* **Given information**:
◇ ◇ ◇ ◇ ◇ ◇ ◇

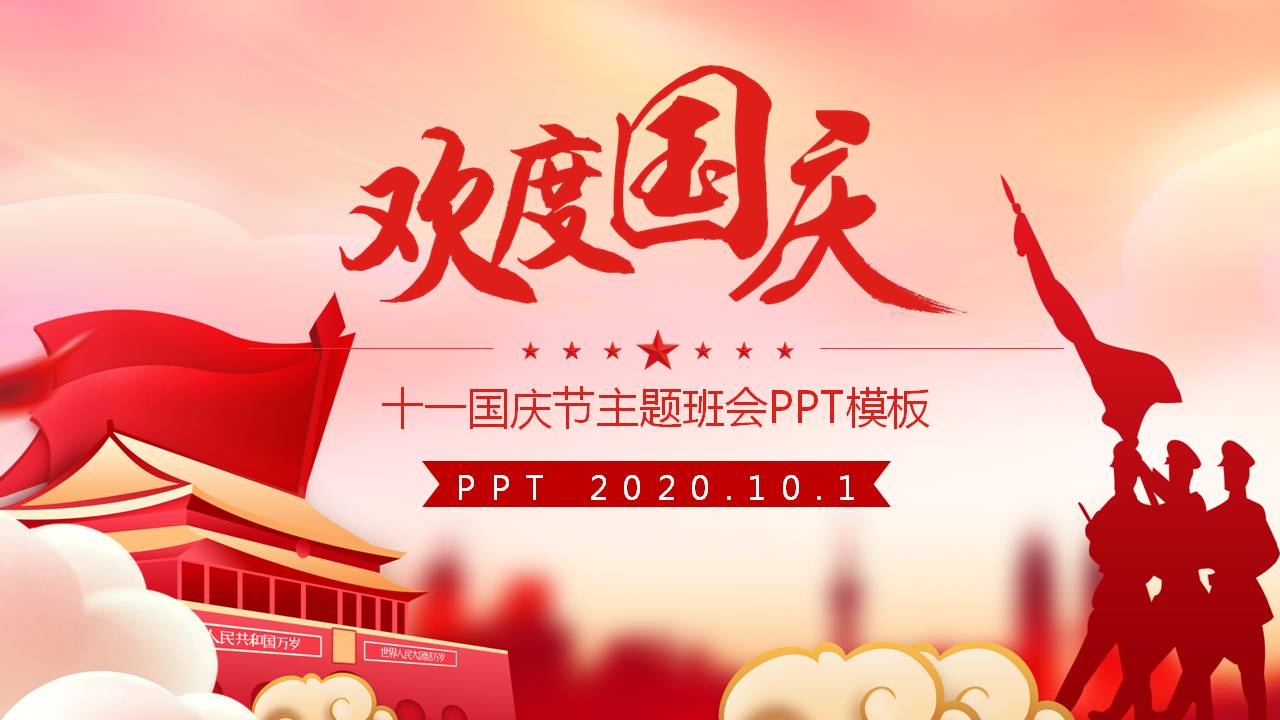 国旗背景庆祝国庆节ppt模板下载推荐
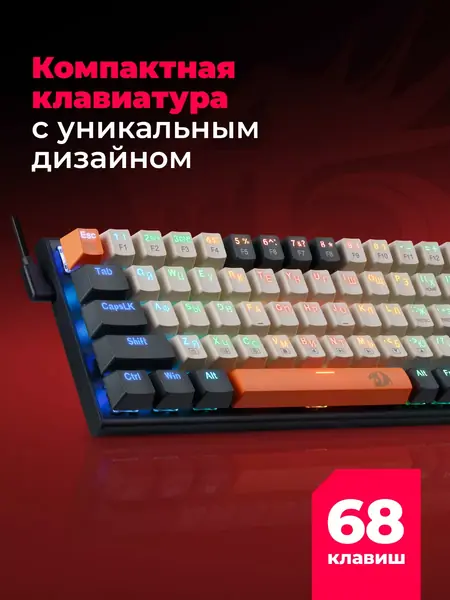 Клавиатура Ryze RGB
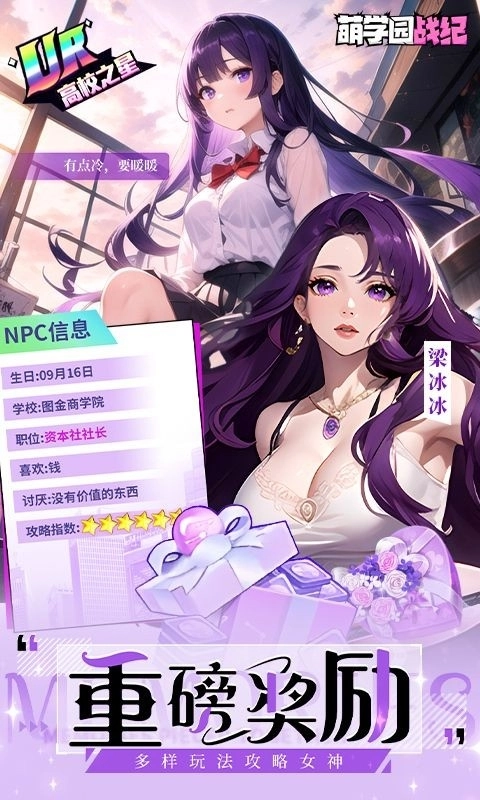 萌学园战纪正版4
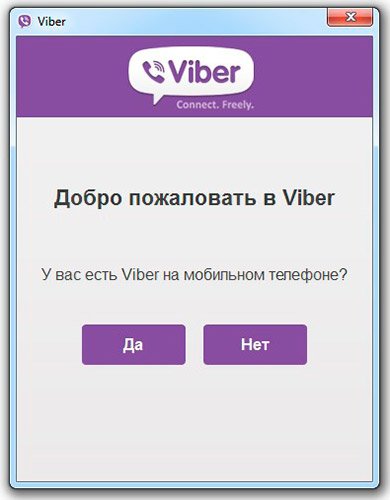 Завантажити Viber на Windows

◇ ◇ ◇ ◇ ◇ ◇ ◇

* **Task requirements**: Images stay out, but the rest of the data above must be repeated exactly.

* **Answer section**:
 国旗背景庆祝国庆节ppt模板下载推荐
 Клавиатура Ryze RGB
 萌学园战纪正版4
 Завантажити Viber на Windows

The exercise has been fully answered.